Located in picturesque Niagara-on-the-Lake, Ontario, the Shaw Festival has been attracting passionate theatre-goers for 52 years—one-third coming from the U.S. Each year it mounts 10 to 12 productions in four theaters, featuring works not only by namesake George Bernard Shaw but other plays from his era (1856-1950) as well as contemporary works that share his provocative exploration of society.
In an era when the arts are struggling in so many cities across North America, organizations like The Shaw can’t rely solely on their reputations to keep red ink at bay. To thrive, The Shaw needed to constantly grow its audience—especially among younger theatre-goers who would be the organization’s future. Thanks to an up-to-date database of previous ticket buyers, marketers at the theatre company already knew their customers’ names. Their challenge was to understand who they were, what they liked—in and outside the theatre—and how to find more of them.
To get to know The Shaw’s audiences better, marketers first conducted a deep analysis of its customer database, segmenting ticket-buyers in no fewer than 123 different ways. They used criteria such as when they buy, how many tickets they buy, whether they like comedy or drama, are under 30 years old or over the age of 65. Then they analyzed the different segments according to PRIZM—EA’s segmentation system that classifies Canadians into 66 lifestyle types—to develop a more robust portrait of the customers’ demographics, leisure activities, media tastes and values. Finally, they divided the results into ticket-buyers who lived close to their stages and those who lived further out. “In the end, we had an idea of which ticket-buyers loved drama, were under 30 years old, lived within two hours of us and what their lifestyle is like,” says Valerie Taylor, The Shaw’s director of marketing, communications and sales.

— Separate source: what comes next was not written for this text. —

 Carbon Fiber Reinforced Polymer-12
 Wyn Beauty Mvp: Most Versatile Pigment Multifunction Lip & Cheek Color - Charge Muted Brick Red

The analysis showed that 25 PRIZM clusters are home to most of The Shaw’s ticket-buyers. While educated and affluent segments like Cosmopolitan Elite, Money & Brains and Young Digerati were to be expected, The Shaw’s exurban location also resulted in a sizable presence of midscale town segments like Tools & Trucks and Rods & Wheels. The 25 segments were rolled into six target groups that became the focus of successful direct-mail campaigns featuring differentiated messages reflecting the theatrical tastes and lifestyles of the recipients. Last summer, a postcard mailing to 95,000 recipients resulted in $440,000 in ticket revenue. During The Shaw’s fiftieth anniversary season two years ago, a production of “My Fair Lady” attracted significant advanced sales from new ticket-buyers. Using addresses collected between January and March, Taylor’s team ranked local postal walks according to those high-scoring PRIZM segments, and sent thousands of unaddressed mail pieces promoting “My Fair Lady” and the entire fall theatrical season to these targeted areas. “It helped us find more of these new buyers,” says Taylor, adding that the company’s play-and-stay promotion—which offers ticket-buyers discounts at local hotels, wineries, a golf course and bicycle vendor—has proved popular with specific target groups and contributed to increased sales. “Where else can you see ten shows surrounded by this kind of countryside?” asks Taylor. “This is what separates us from Toronto or New York or Chicago.”